Il fait nuit. Le chandelier à la main, Edith se fraye un chemin dans les obscurs couloirs du manoir Allerdale. La maison craque sous la pression du vent, comme respirant. Des papillons de nuit exécutent une danse macabre ; des notes de piano flottent dans l’air ; les portes grincent et pourtant, personne n’est là. Une ombre se dessine sur un mur, longue, maigre, effrayante. Quelqu’un, ou quelque-chose approche. Edith le sait, les fantômes existent. « Prend garde à Crimson Peak », dit une femme flottant dans les airs.
Tel est donc un petit avant-goût de ce qui vous attends. Mais prenez garde ! Comme le dit si bien son réalisateur, Crimson Peak n’est pas qu’un simple film d’horreur, c’est avant tout une « romance gothique ». Ne vous attendez pas à vivre la plus grande expérience horrifique de tous les temps, les fantômes ne sont ici qu’un prétexte à une histoire bien plus complexe. Une histoire d’amour comme on n’en voit pas souvent au cinéma. Une attirance qui obsède et déchire les personnages, qui les torturent et les rend différents. Cette évolution devient petit à petit fascinante, et donne une ambiance électrique. Il ne s’agit donc pas d’un film à l’eau de rose, rassurez-vous ! Guillermo Del Toro saute les grandes étapes “classiques” d’une relation amoureuse, pour nous focaliser directement sur le passage qui nous intéresse. Un choix qui pourra en dérouter plus d’un, mais qui a le mérite de se focaliser directement sur les moments intéressants.

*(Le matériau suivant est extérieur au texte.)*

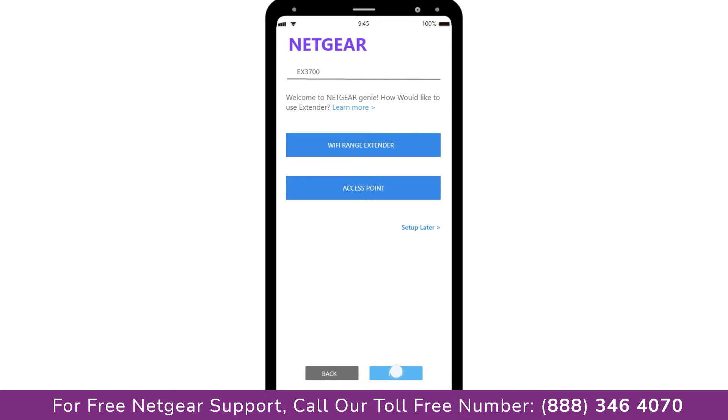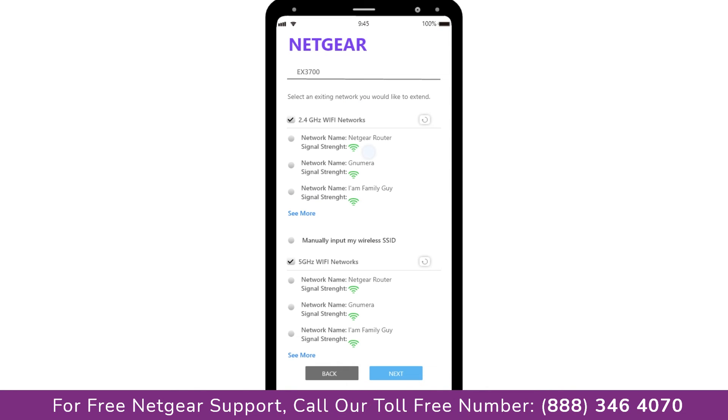Now you have two choices: you can either set up your range extender device as a range extender or as an access point. We are going to click on range extender, and then it will scan for available networks and give you a list of all the networks available.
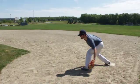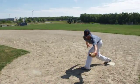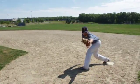Start with your glove low and scoop the ball by bringing your glove upward. Never scoop the ball by bringing your glove downward.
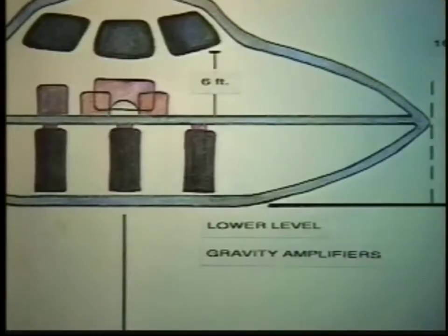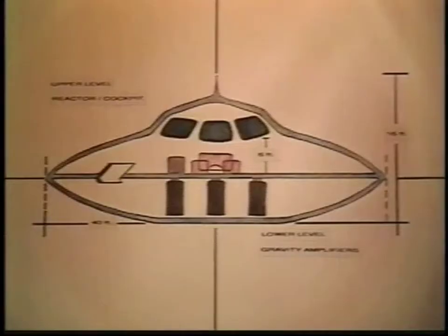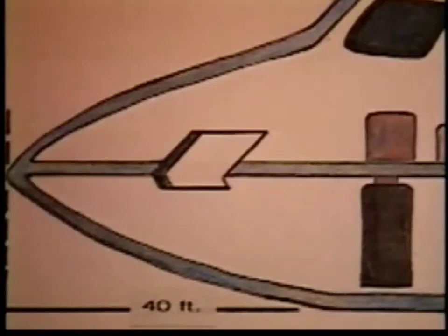The lower level of the craft — the floor itself is hexagonal, little hexagonal squares. And the hatch, or if you want to call it a hatch, the access way to get in there, is an ingenious little assembly.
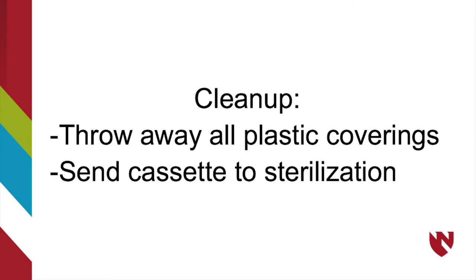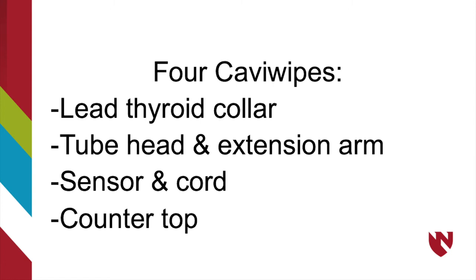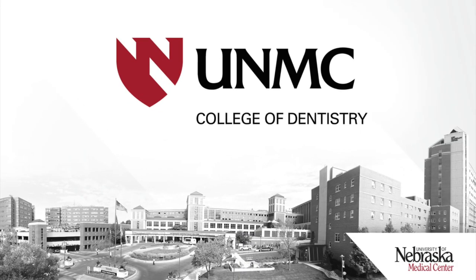For cleanup, throw away all plastic coverings. Place all autoclavable materials in a cassette and send them to sterilization. Use 4 Cavi-wipes and wipe down the lead thyroid collar, x-ray tube head and extension arm, and sensor with attached cord and the countertop. That completes the process of taking both mandibular premolar and molar periapical radiographs.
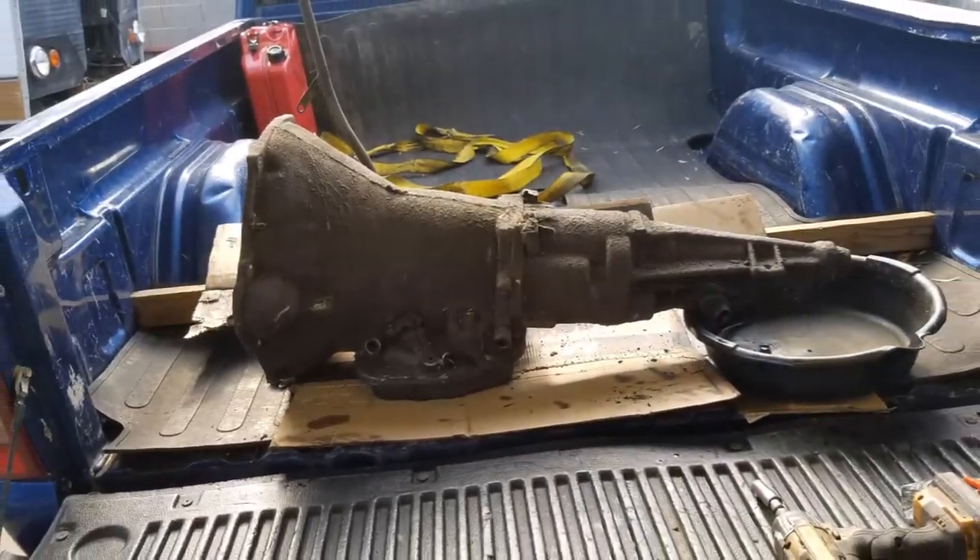Alright guys, here's another update on the Winnebago. We've got the transmission — we sent it out and got it back from Petey's Transmissions up in Phoenix.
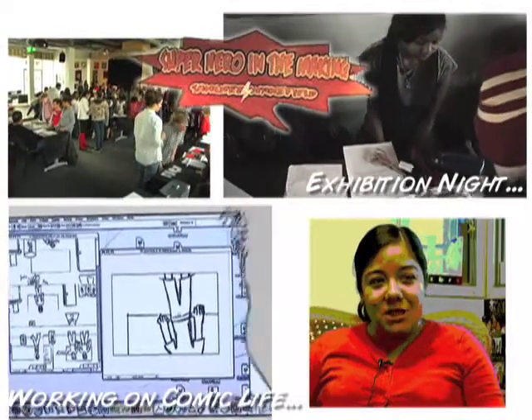The Superhero in the Making project began with our idea of trying to create a really solid collaborative project. Basically you make a comic with Comic Life, a program that makes comics easy. We had to make our comic character with a super power that had to do with physics.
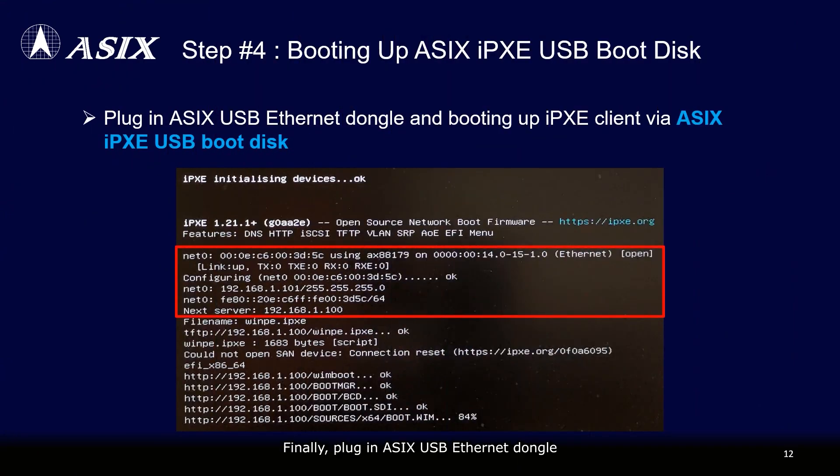Finally, plug in the ASIX USB Ethernet dongle and initiate the IPXE client boot using the ASIX IPXE USB boot disk. The IPXE client will automatically acquire a DHCP IP address from the IPXE server and start downloading the remote boot image file, consequently completing the network boot process.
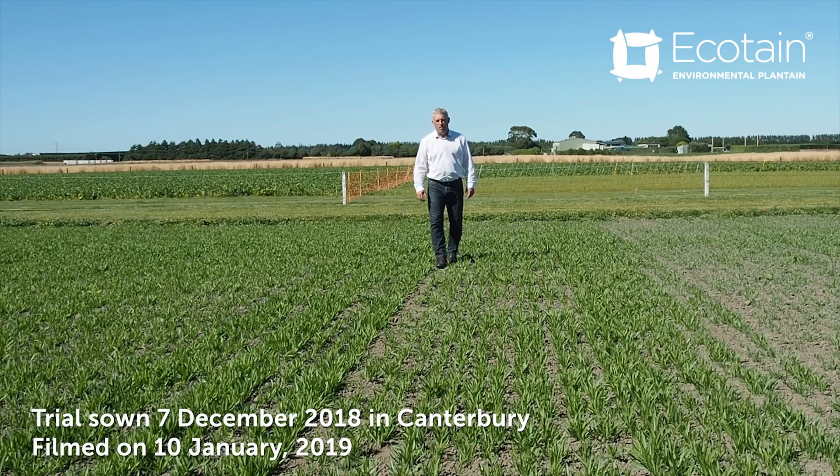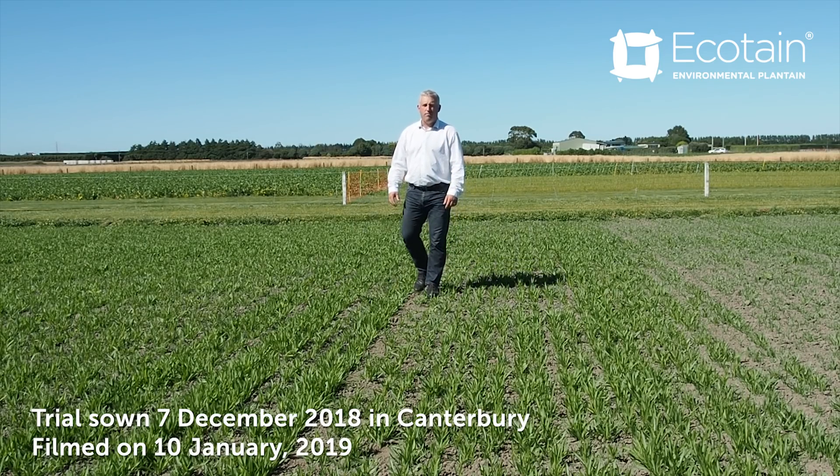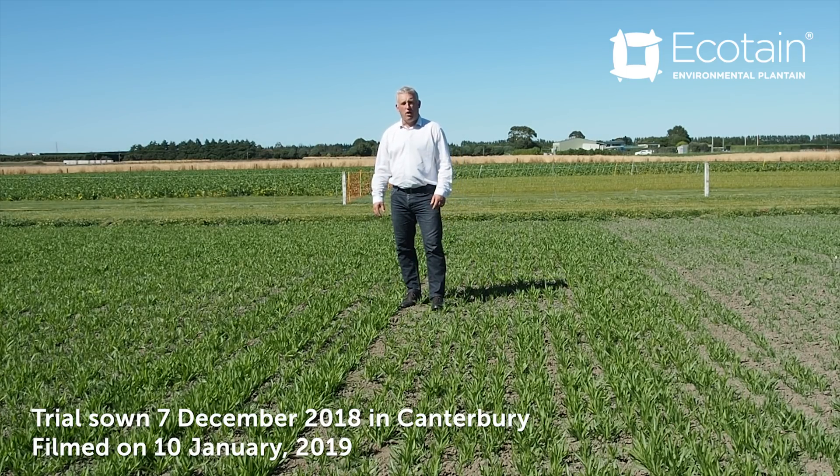That plantain is Ecotain, an environmental plantain which has been extensively researched over a period of five years. Our research partners include Plant and Food Research and Massey and Lincoln Universities, so you can be sure that our findings are robust and thorough.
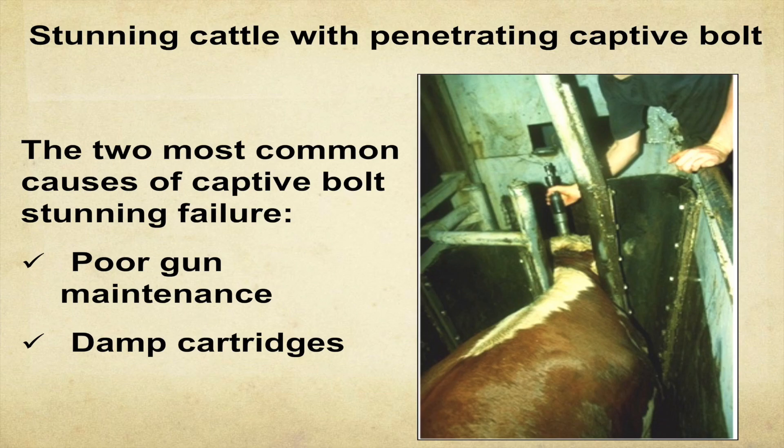A calm animal is easier to stun — period. It's about your handling practices. Also from a quality standpoint, in that last five minutes you can wreck the meat — squealing, jamming in the chutes gives you higher lactic acid, more PSE meat. Using electric prods a bunch of times in the last five minutes gives you tougher meat.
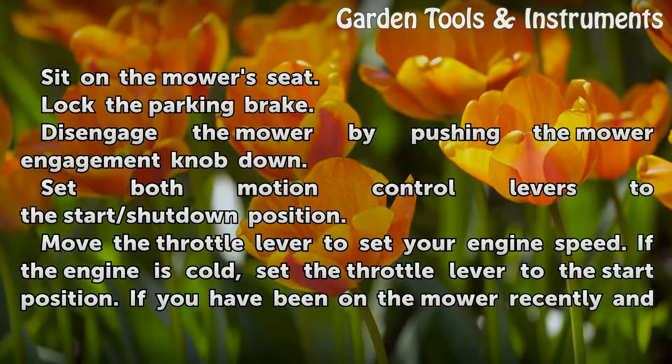Sit on the mower seat. Lock the parking brake. Disengage the mower by pushing the mower engagement knob down. Set both motion control levers to the start/shutdown position.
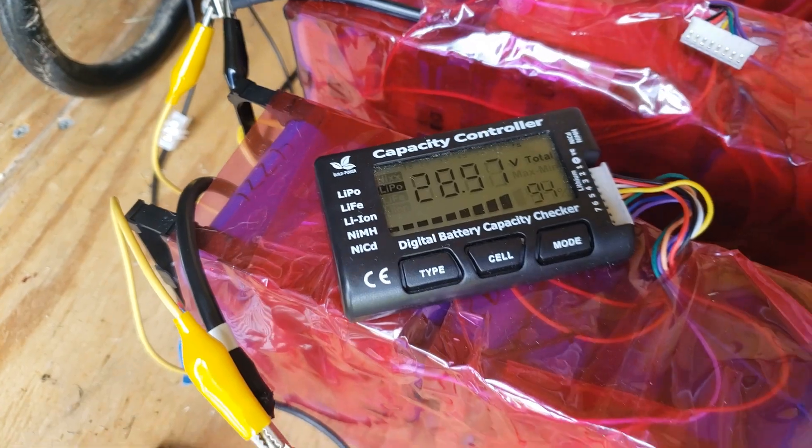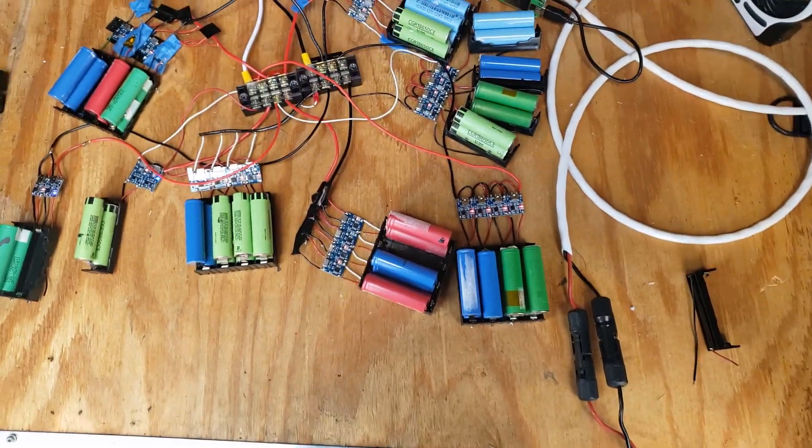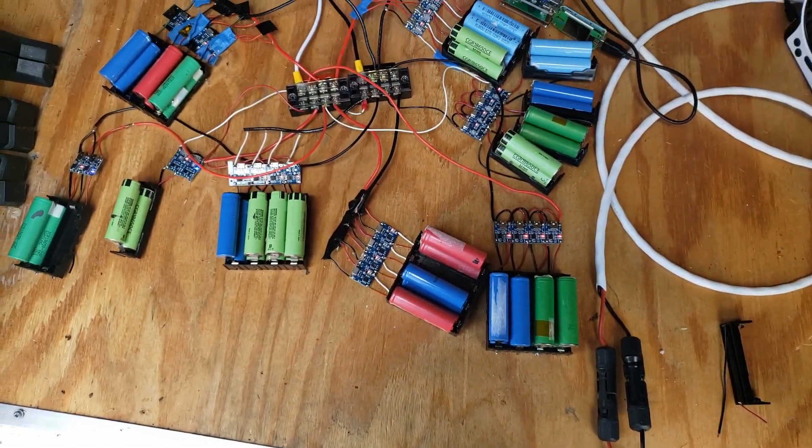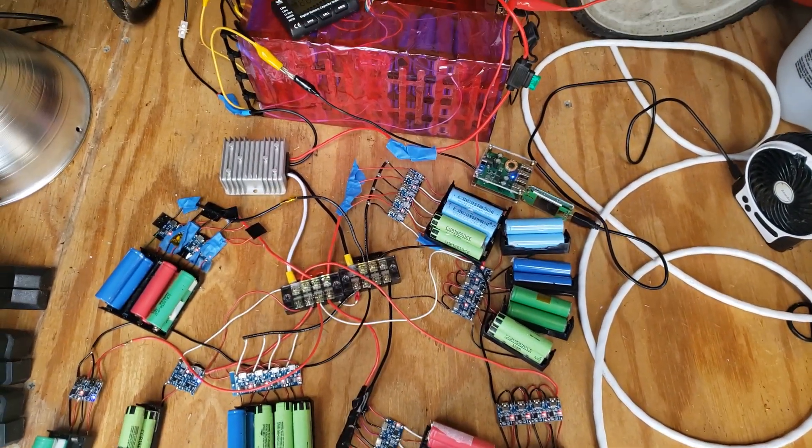I just unhooked it and clipped it onto the next battery. We'll let these batteries charge — I think I've got another round of them. We're almost done until the next round of ring batteries gets here.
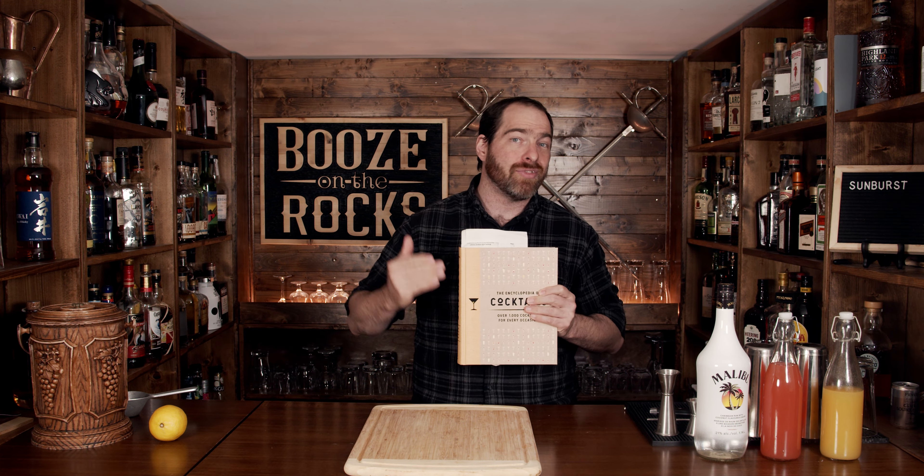Welcome back to Booze in a Rack where we make cocktails for everyone. My name is David Edwards and it's great to have you here today. We're going to make a sunburst cocktail. It comes out of the Encyclopedia of Cocktails, which contains a thousand different cocktail recipes. I'll put a link down below, and we're going to follow the description made in the glass.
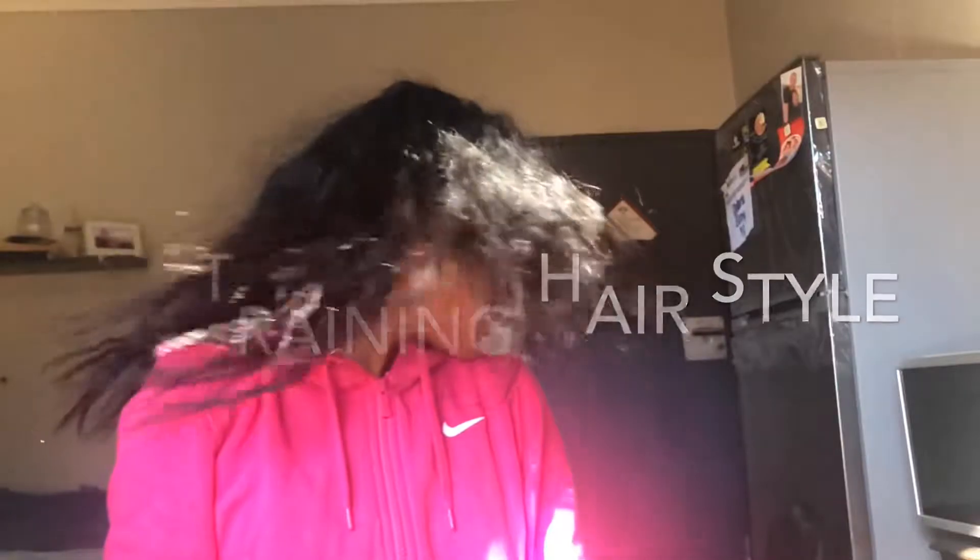Hey guys, welcome back to my YouTube channel! Today I'll be doing my favorite hairstyle for training using my natural hair products. Sorry that I've been away for a while, but things have been a bit hectic.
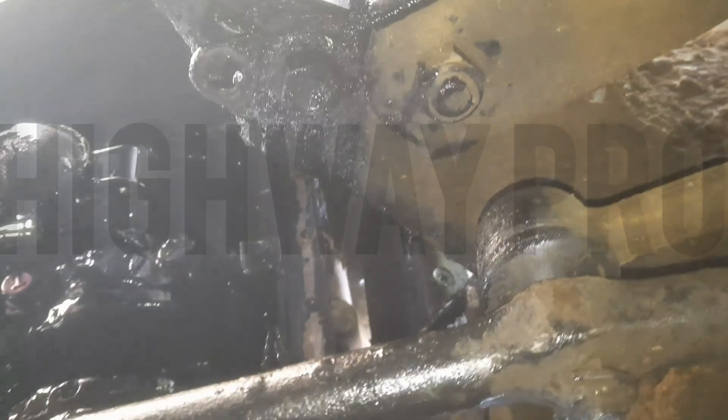After removing the sump, cylinder number one was playing too much — this is where the knocking sound came from. So we are going to do an engine overhaul on this.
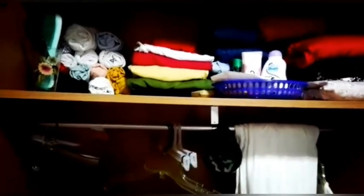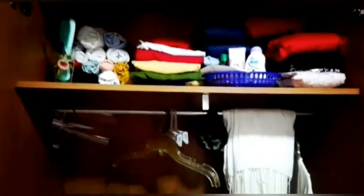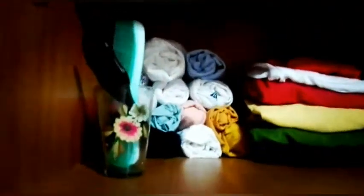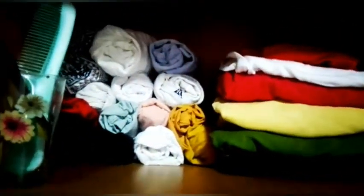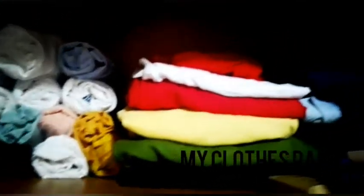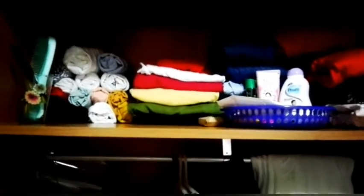So this is the inside of my cupboard. I'm first going to show you my part. Here I have kept a comb and a mirror, my t-shirts, my trousers, my denims, and my frocks. And here my mask, my shower cap, my powder, and my face wash.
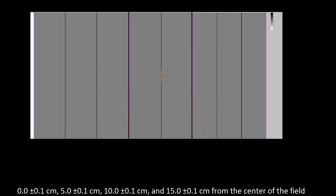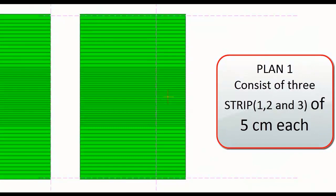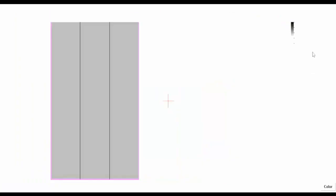Plan 1 is executed with the MLC to expose three strips on the film. Strip 1 and strip 2 each have a 5 centimeter width. First strip 1 is exposed, then strip 2, and then strip 3. With the help of plan 1, three strips of the film are exposed: strip 1, strip 2, and strip 3.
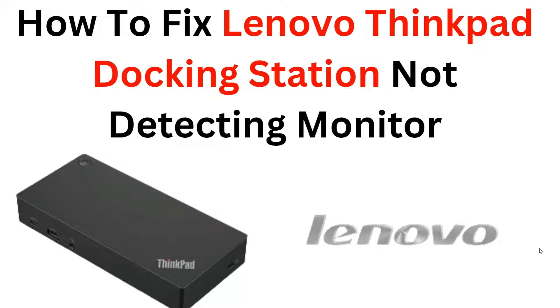Hi, welcome back to the YouTube channel. In this video, we will guide you through the process of troubleshooting and fixing the issue of a Lenovo ThinkPad docking station not detecting a monitor. We understand the frustration that arises when your docking station fails to recognize the connected monitor, and that's why we have prepared a step-by-step tutorial to help you resolve this problem.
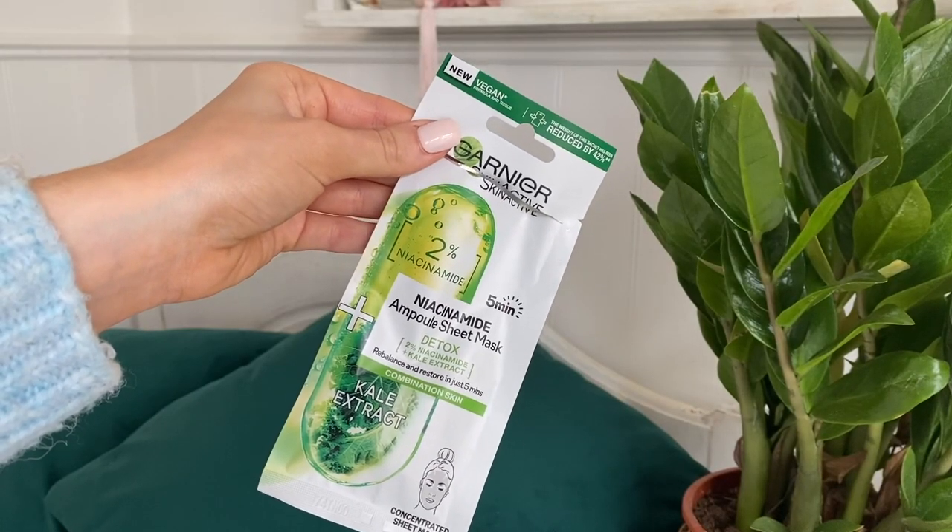This is their niacinamide ampoule sheet mask. Niacinamide isn't my favorite ingredient ever, but I want to learn more about it. I used to find it broke me out in high concentrations, but we'll see. I used this before doing my makeup today and it felt really nice — you only leave it on for five minutes. It seemed to absorb into the skin quite quickly. I've put it back in the packet because I usually try and get a couple of uses out of sheet masks. They also had a watermelon one and a couple of other options.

En ce qui concerne ces fantômes, Guillermo Del Toro excelle dans la mise en scène de ses créatures. Chacune de leurs apparitions est une nouvelle surprise pour le spectateur, tantôt fasciné puis terrifié. Je trouve que ce sont bien là les parties les plus réussies de ce film. Quand certaines scènes sont trop souvent surcoupées par leurs plans, celles concernant les fantômes sont d’une qualité à couper le souffle. Ils sont là, on le sait depuis le début, mais la lenteur et la tension feront se hérisser les poils de vos bras. Tout est maitrisé lors de ces séquences, pour un frisson garanti. La qualité des effets spéciaux est également à saluer. Une belle leçon de cinéma.
La composition des tableaux du film est également renversante de splendeur. Le décor est tout simplement sensationnel, mais le cadrage et la couleur de l’image viennent sublimer la beauté froide des lieux, comme pour rendre hommage aux plus illustres peintres de paysages flamands et du romantisme. Une belle reproduction, qui vous plonge directement dans ces environnements mystérieux.
Mais un film d’épouvante, ça passe aussi par les sons. Là aussi, les petits détails sont très travaillés, et ajoutent à l’angoisse générale que dégage le film. La maison est vivante, on l’entend respirer, s’agiter et gronder. Elle souffre de lourds secrets trop longtemps enfuis dans ses murs, et cela se ressent. La musique du piano qui fait partie de la BO fait aussi son petit effet. Classique, mais indispensable.
Pour le scénario, nous ne sommes pas dans une métaphore aussi torturée que dans Le Labyrinthe de Pan, film étalon du réalisateur. Et bien qu’il ne paraisse pas très original à certains moments, son dénouement, venant conclure une lente descente aux enfers, en vaut la chandelle. Guillermo signe donc une belle narration, malgré quelques petites faiblesses.
Difficile donc de prédire si le film plaira à tous les fans inconditionnels du réalisateur, tant le film complète et se différencie en même temps du reste de sa filmographie. Mais Crimson Peak est une très grande réussite sur bien des points, dont les thématiques qu’il aborde. Des thématiques fortes et un traitement très soigné font de ce film une belle réussite. Un film que je vous recommande chaudement.